In the end, the agriculture subsidies was reduced (from 42% of the budget to 38%, and the budget as a whole was reduced as well) which is a step in the right direction. I don't feel the total need to be reduced as it's pretty low but the money really needs to be spent on better things.
What I noticed is that some important science/technology programmes got less money.
Any taxation by EU will remove taxation possibilities from the national governments since you can only have so much total tax pressure. Less taxation power (either to increase or decrease) means less room of manoeuvre for political parties to realize policies once in government. A lot of the ideas that makes left different from right are in the end expressed as changes in taxation in one direction or the other. Reducing that possibility makes national politics somewhat pointless and is thus a threat against democracy.
I don't see how. It is actually an expansion of democracy, since as Mise pointed out, if the EU actually had some proper income of its own, controlled by the European Parliament, then maybe people would actually start caring more about European-level politics. The EU could then work better as the high-level government that's here to correct and support individual member states.
Besides that 1% would be easy to increase once it's established. Sweden now have 25% VAT and it didn't start that high.
1% is nothing in terms of the overall tax burden imposed by the member states, yet it would give the EU serious money to spend on the good things (hopefully not agricultural subsidies).
The EU shouldn't exist. Its immoral to make taxpayers subsidize other countries, and the irresponsible nations have no right to the money of the less irresponsible nations.
Besides your obviously twisted notions of morality ("it is obviously immoral for friends to help each other" aka "I hope all those poor people die in a dump"), I have to object to your insinuation that taxpayers are forced to subsidize other countries.

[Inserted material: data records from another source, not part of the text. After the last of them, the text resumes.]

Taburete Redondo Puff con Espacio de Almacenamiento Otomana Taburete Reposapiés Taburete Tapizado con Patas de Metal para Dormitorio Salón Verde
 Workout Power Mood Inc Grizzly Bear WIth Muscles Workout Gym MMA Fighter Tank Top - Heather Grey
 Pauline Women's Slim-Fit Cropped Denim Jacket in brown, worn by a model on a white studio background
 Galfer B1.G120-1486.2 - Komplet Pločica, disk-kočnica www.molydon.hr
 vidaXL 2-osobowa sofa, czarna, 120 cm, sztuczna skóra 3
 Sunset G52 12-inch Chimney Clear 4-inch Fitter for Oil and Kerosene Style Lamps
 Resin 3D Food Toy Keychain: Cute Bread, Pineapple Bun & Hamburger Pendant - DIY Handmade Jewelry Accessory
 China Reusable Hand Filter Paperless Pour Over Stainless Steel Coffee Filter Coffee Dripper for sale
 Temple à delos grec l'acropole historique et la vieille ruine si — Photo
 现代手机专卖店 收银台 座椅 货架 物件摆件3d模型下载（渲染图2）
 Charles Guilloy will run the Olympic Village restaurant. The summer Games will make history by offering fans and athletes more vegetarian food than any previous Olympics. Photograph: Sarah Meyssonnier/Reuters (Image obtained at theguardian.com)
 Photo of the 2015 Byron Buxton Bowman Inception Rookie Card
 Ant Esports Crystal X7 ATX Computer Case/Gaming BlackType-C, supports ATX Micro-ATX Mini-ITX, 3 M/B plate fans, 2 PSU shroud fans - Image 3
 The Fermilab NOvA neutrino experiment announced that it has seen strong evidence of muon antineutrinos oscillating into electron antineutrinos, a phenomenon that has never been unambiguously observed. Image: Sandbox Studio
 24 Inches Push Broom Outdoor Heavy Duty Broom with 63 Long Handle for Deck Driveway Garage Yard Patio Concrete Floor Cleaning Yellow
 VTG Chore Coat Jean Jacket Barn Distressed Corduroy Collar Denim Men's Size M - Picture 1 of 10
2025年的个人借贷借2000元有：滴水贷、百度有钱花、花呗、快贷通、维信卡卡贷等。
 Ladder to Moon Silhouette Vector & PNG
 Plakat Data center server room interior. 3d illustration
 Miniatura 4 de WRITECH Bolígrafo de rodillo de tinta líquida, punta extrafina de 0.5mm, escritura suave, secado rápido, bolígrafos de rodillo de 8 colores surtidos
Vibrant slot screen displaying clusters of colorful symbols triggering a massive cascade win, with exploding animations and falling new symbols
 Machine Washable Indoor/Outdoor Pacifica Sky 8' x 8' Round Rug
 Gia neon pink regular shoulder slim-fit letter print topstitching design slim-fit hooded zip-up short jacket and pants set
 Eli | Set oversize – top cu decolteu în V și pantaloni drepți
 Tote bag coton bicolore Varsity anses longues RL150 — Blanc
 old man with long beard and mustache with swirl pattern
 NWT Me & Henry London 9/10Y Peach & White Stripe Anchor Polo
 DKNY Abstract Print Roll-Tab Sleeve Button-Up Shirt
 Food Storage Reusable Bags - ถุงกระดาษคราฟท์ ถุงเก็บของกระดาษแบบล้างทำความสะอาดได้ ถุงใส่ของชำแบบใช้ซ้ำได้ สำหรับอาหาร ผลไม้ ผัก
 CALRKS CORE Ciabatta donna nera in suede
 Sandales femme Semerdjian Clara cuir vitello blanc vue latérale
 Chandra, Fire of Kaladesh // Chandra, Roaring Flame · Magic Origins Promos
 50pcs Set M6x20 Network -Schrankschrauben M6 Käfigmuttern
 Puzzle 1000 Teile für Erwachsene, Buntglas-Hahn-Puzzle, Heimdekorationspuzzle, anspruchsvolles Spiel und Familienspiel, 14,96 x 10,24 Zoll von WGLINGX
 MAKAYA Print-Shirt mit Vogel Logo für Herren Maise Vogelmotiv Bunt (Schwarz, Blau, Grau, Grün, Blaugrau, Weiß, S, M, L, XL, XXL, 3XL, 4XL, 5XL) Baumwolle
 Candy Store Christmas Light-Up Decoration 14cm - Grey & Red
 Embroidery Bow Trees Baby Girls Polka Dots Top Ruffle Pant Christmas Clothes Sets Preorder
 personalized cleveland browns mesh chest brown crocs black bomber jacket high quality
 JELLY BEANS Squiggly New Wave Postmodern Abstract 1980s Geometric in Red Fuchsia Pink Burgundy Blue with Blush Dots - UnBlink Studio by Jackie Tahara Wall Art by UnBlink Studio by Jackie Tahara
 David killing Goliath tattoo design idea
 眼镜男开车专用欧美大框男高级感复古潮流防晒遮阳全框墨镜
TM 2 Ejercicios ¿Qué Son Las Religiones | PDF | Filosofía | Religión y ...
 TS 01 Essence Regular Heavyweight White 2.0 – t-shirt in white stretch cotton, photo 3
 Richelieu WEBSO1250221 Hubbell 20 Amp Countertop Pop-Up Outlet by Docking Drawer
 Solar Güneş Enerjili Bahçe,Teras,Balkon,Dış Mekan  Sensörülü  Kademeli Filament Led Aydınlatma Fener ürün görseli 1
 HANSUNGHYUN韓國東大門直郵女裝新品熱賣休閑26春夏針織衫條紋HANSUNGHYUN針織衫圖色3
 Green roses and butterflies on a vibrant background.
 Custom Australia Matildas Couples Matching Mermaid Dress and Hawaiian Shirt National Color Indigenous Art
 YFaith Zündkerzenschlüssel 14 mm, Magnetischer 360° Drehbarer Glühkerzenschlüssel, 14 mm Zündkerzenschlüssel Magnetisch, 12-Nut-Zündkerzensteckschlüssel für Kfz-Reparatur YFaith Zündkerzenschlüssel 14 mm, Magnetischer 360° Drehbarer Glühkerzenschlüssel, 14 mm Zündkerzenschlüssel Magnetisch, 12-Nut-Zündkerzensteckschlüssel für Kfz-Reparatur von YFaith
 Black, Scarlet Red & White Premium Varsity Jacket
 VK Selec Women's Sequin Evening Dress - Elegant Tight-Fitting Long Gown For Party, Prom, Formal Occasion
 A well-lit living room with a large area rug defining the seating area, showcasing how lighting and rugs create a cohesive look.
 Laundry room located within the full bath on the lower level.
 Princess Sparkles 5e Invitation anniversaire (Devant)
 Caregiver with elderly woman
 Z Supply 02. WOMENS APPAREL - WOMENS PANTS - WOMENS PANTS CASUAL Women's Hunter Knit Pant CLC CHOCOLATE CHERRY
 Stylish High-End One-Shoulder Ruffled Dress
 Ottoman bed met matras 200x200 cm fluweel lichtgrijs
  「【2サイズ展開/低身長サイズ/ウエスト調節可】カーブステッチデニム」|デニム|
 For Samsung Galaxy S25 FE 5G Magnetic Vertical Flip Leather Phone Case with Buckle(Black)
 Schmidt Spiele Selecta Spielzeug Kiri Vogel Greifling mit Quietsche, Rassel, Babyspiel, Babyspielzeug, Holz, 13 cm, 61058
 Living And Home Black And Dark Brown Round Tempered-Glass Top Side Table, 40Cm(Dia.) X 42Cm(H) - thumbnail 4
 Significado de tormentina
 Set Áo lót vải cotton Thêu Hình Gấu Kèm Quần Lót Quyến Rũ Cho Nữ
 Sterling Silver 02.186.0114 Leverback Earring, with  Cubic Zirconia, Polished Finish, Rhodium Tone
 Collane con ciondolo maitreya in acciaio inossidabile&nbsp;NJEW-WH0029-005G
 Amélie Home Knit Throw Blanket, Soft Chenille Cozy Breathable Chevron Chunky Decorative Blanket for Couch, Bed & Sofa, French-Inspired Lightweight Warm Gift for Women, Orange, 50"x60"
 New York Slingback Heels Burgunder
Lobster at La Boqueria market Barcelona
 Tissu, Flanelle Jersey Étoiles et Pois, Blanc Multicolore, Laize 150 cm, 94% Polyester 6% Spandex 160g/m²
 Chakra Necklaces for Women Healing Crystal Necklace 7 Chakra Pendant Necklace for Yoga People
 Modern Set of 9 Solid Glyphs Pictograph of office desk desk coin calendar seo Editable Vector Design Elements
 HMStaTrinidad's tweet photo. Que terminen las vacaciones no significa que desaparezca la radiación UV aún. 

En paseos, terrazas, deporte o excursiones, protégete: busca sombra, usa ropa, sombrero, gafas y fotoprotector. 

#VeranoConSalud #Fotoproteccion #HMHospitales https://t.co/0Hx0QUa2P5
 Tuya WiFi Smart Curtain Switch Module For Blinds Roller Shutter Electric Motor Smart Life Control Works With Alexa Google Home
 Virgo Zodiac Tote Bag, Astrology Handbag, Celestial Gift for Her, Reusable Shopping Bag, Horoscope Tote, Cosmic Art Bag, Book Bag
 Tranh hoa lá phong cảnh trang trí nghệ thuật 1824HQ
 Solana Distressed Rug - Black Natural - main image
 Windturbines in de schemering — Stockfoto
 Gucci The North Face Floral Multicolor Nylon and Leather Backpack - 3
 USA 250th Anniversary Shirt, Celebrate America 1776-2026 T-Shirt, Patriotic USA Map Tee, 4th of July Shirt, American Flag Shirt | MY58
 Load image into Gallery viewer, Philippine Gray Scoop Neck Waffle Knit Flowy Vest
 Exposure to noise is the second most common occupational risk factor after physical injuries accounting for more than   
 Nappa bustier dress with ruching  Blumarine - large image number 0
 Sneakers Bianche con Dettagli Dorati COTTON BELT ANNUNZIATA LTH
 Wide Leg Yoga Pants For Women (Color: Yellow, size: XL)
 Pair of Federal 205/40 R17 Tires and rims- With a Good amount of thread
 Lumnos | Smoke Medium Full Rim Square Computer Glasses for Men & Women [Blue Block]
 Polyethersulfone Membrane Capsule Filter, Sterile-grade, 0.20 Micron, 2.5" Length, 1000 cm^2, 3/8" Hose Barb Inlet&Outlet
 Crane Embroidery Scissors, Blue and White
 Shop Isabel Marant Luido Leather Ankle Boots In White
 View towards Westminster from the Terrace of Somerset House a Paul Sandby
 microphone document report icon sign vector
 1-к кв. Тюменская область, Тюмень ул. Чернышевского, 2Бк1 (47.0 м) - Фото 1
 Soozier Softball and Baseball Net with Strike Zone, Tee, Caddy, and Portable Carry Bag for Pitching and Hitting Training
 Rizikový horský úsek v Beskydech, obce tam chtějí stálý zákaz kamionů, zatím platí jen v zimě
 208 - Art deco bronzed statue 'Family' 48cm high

Unless you believe that all taxation is criminal, which you very well might in the fairy tale land where you live, then the money which go to the EU go there based on the decisions of legally and legitimately elected governments.
Subsidizing other countries is, moreover, often in the national interest of the donor countries. Germany may pay for better infrastructure in Poland, which in turn boosts Polish economy, which boosts German-Polish trade, which in the end makes German companies more competitive and successful, which means they hire more people and pay more taxes. Win-win.
The alternative is the American approach, also known as "screw Latin America", which has worked so well that the whole world seeks to emulate it... not.